[RECORDED INFORMATION Boundary: Start]

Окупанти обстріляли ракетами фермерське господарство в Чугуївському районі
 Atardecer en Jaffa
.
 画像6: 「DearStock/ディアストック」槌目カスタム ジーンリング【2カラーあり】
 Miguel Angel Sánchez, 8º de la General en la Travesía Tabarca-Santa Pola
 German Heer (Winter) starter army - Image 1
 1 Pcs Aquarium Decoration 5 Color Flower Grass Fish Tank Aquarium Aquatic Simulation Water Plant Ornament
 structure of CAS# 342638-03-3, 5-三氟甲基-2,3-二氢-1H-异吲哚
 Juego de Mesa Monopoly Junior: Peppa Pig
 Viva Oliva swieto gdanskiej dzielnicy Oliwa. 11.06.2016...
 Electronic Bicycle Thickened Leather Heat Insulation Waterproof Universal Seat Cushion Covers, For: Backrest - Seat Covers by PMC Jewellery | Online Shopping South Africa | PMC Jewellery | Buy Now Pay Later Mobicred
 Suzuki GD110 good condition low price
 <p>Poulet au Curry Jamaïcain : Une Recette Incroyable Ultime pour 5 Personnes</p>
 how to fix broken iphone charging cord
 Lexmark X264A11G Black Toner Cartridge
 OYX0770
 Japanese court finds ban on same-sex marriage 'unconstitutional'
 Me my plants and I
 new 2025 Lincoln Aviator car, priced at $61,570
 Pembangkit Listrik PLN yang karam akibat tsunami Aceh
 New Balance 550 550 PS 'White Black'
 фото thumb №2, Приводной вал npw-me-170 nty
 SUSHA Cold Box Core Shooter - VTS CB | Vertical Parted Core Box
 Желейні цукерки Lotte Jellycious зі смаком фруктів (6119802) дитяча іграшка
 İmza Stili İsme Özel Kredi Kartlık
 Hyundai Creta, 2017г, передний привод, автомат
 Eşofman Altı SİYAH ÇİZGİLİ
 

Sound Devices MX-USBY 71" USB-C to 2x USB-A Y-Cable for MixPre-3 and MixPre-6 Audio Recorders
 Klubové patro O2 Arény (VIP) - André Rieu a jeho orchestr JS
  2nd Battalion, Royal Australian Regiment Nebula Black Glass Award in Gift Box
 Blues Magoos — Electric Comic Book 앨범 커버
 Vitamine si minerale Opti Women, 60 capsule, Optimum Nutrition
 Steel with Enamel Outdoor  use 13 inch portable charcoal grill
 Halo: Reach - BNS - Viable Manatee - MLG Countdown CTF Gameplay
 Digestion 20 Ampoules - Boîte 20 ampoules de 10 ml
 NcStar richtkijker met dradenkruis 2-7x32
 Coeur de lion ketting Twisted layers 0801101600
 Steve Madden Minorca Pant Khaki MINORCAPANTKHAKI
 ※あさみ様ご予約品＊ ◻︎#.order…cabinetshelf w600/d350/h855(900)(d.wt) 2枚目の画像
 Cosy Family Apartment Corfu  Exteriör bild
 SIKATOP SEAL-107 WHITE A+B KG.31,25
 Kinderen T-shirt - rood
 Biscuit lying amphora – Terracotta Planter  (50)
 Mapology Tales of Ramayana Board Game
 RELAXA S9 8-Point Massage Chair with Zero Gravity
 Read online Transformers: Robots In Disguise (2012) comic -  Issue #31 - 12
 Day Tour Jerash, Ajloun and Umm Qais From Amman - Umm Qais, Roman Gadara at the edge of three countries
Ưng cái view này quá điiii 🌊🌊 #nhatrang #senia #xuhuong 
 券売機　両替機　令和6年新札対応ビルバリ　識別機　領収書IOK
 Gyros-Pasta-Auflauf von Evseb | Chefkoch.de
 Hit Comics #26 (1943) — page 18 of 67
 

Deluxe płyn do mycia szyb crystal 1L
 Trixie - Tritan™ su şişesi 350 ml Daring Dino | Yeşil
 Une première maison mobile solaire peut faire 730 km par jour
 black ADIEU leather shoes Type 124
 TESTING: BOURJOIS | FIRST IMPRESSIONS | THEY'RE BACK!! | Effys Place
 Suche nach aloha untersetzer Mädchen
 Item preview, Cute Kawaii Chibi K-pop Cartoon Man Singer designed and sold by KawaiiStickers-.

[RECORDED INFORMATION Boundary: End]

**TASK TO COMPLETE:** Review the preceding data and report every line that includes the string "with".

**WRITTEN ANSWER:**
 Steel with Enamel Outdoor  use 13 inch portable charcoal grill
 RELAXA S9 8-Point Massage Chair with Zero Gravity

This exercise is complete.